A depth camera, also is called range image camera, is widely used in various applications because it provides a distance information of the scene in real time. However, due to the limitation of power consumption or hardware, the depth camera presents severe noises, incapable of providing the high quality 3D data.

Although the smoothness prior is often employed to subside the depth noise, it discards the geometric details so to degrade the distance resolution. Increasing contrast is also used for enhancing perceptual quality, but it causes distortion of details in the scene. In other words, these existing techniques hinder achieving the realism in 3D contents.

Since humans are usually aware whether the scene is real from detecting details in the scene, we focus on the restoration of the geometric details, especially textures, to make observers feel realism. We propose a perceptual-based depth image enhancement technique that automatically recovers the depth details of various textures, using a statistical framework inspired by human mechanism of perceiving surface details by texture priors.

Our concept is replacing bad normals data taken from the depth camera with fine normals data that is best matched one with input from the database. To do this, First we build the database. Since we focus on enhancing details of object's texture, the database is composed of the texture image whit it's high quality normals data.

Next, we make an algorithm to find the best matched one with input automatically. Since the color image has more information of the texture than normals data, we use the input color image for searching the best matched one from the database. We use principle components analysis(PCA) and select the pattern density as a primary feature to classify textures, Based on the recent studies in human visual perception (HVP).

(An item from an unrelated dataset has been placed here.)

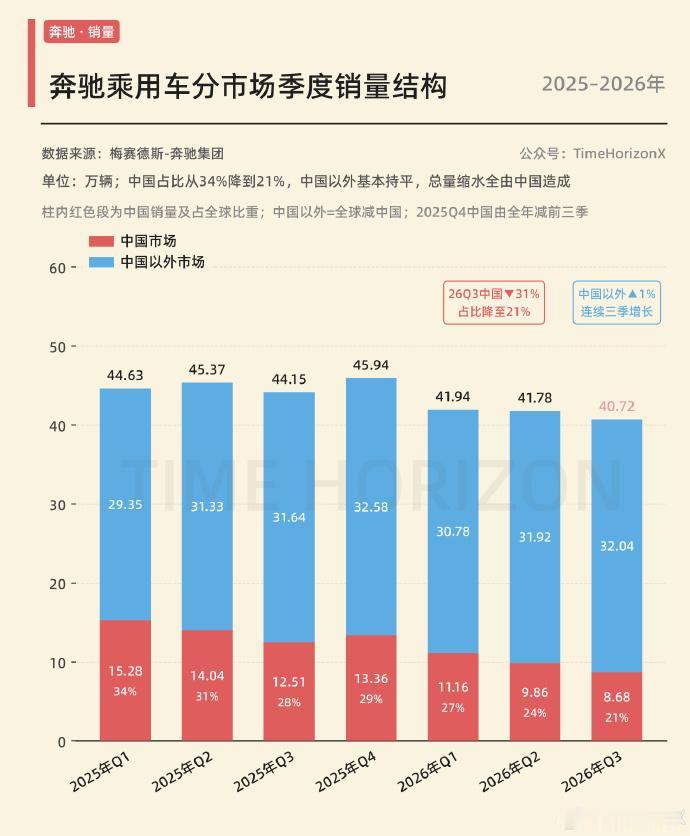 奔驰在中国卖不动了。

奔驰全球销量里，中国从贡献34%，世界第一大市场，到现在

Finally, If we find the best matched one from the database, we replace the normals by using existing method.

Overview

We use the cushion and the backrest image in the office scene. These objects are marked by a red and yellow box respectively. Since the pattern density affects the perceptual roughness, we decide to use the pattern density as our primary feature for classifying the textures. First, we train the classifiers to categorize various surfaces based on HVP. After that, we segment the input color image into several local regions upon corresponding depth image, apply classifiers to select target regions and identify their best match from the database. Finally, we replace the input noisy normals by the selected high resolution normals. We use the existing method( D Nehab et al. “Efficiently combining positions and normal for precise 3D geometry” .Proc. ACM SIGGRAPH; 536-543 (2005). http://w3.impa.br/~diego/software/NehEtAl05/).

Results

We obtain a pair of color and depth map from a commercial depth sensor, Kinect 2.0.

Results of geometric enhancement. (a), (e): The input of a cushion marked with the red box and the input of a backrest marked with the yellow box in Fig. 2. (b), (f): The selected images from database. (c), (g): The computed normals form input depth map. (d), (h): The enhanced depth data are in the right bottom respectively.

- Input data:

◦Some missing holes and distortions are observed in Fig. 3(c) and (g).

- Improvement

◦Fig. 3(d): Not only enhancing the depth precision and geometric details, but also restoring missing holes.

◦Fig. 3(g): correctly retaining the original structure of object surface.

Publication

Depth image enhancement using perceptual texture priors

D Bang, H Shim, SPIE Human Vision and Electronic Imaging, 2015, Feb.